Gradient-free neural network training via optimal transport.
PolyStep optimizes neural networks without backpropagation. At each step, it samples polytope vertices around current parameters, evaluates losses via forward passes only, and computes softmax-weighted projections to find descent directions.

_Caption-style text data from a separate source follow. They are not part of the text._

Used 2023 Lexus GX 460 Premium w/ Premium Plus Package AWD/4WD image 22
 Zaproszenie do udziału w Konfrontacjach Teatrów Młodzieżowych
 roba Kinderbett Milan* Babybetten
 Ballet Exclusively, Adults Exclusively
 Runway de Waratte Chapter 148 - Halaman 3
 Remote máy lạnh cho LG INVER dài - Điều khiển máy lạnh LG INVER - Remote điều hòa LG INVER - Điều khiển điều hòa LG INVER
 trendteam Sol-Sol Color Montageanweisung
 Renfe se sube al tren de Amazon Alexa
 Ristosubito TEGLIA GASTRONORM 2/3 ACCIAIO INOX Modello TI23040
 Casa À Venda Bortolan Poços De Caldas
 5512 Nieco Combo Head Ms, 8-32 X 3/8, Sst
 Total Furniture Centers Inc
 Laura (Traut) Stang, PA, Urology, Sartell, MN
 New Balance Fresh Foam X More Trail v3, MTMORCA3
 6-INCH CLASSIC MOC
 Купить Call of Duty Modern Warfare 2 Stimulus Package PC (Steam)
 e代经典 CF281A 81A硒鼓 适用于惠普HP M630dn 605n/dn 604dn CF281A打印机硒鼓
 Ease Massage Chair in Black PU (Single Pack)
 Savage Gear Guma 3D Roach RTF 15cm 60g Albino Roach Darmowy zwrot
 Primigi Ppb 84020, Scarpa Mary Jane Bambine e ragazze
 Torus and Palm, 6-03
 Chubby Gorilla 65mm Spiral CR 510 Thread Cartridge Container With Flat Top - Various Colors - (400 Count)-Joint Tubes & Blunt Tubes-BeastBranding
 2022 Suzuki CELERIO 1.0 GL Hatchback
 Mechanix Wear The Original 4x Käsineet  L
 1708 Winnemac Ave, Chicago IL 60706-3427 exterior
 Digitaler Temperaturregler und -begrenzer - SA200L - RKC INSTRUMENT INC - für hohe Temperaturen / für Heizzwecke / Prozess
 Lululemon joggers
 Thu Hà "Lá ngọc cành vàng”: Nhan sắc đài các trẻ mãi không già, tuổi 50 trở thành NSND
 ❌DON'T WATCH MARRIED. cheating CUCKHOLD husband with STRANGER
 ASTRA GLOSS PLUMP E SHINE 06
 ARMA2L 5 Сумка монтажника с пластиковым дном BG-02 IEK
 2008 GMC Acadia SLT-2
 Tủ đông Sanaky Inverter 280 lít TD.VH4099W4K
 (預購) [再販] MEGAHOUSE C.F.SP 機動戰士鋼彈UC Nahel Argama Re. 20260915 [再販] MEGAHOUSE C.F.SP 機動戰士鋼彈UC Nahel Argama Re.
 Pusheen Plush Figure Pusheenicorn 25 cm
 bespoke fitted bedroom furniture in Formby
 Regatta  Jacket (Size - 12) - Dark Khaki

This enables training models with non-differentiable components - spiking networks, quantized layers, blackbox modules - where gradients are unavailable or undefined.
Based on the Sinkhorn Step algorithm (Le et al., NeurIPS 2023), extended with subspace compression, a softmax solver, and convergence analysis for piecewise-smooth losses.
- Sample polytope vertices around the current parameters in a compressed subspace.
- Evaluate the loss at each vertex (forward pass only, no gradients).
- Compute softmax weights over the cost matrix.
- Update the parameters by barycentric projection from the weighted vertices.
pip install -e . # core library (torch + numpy)
pip install -e ".[examples]" # + torchvision, matplotlib
pip install -e ".[dev]" # + pytest, ruff (development)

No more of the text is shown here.